Chicago Board of Trade Market News
Outlook: December corn futures are down 30 ¼ cents (5.0 percent) this week a strong overnight rally Sunday night and Monday morning failed to find follow through support. A combination of improved weather forecasts for the U.S. Midwest and seasonal price patterns kept corn futures on the defensive.
Despite last week’s heatwave that blanketed much of the Plains and Western Corn Belt, U.S. corn conditions were steady last week. USDA estimated that 64 percent of the crop was in good/excellent condition, which was above expectations and in-line with the five-year average rating. Concerns had been mounting that the U.S. would experience a hot, dry finish to the month of July that could negatively impact the corn crop as it passed through pollination. Those fears were relieved somewhat this week as the weather forecast shifted to feature more rains for the northern Plains and Corn Belt along with cooler temperatures in August. Notably, 37 percent of the crop was silking last week, down from the 5-year average of 48 percent while just 6 percent had entered the dough stage (versus 7 percent on average).

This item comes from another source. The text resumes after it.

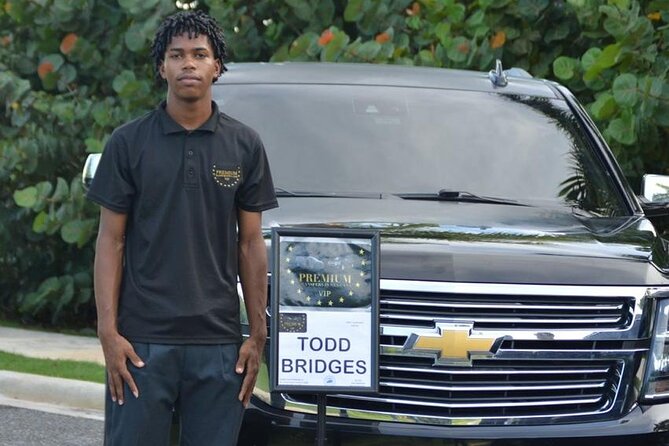 Private Airport Transfer Vip Service To/From Uvero Alto - What the private SUV means for your group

The fact that the U.S. crop is developing in good condition with trendline or better yields should be a reassurance to the global market, especially as production in the EU and Ukraine is threatened. Western Europe is grappling with a record-breaking heatwave that is threatening the continent’s corn crop as it passed through critical growth stages. USDA’s July WASDE anticipated Europe would produce a 68-MMT corn crop with a yield of 7.5 MT/ha, but that figure is increasingly in question. Similarly, Ukraine’s 25-MMT corn crop (down from 43 MMT produced in 2021) is also threatened by hot temperatures and the impacts of Russia’s invasion of the country. Ukraine was expected to export 9 MMT of corn in 2022/23 (down from 36.2 MMT last year), but the war’s impacts could prove that figure overly optimistic.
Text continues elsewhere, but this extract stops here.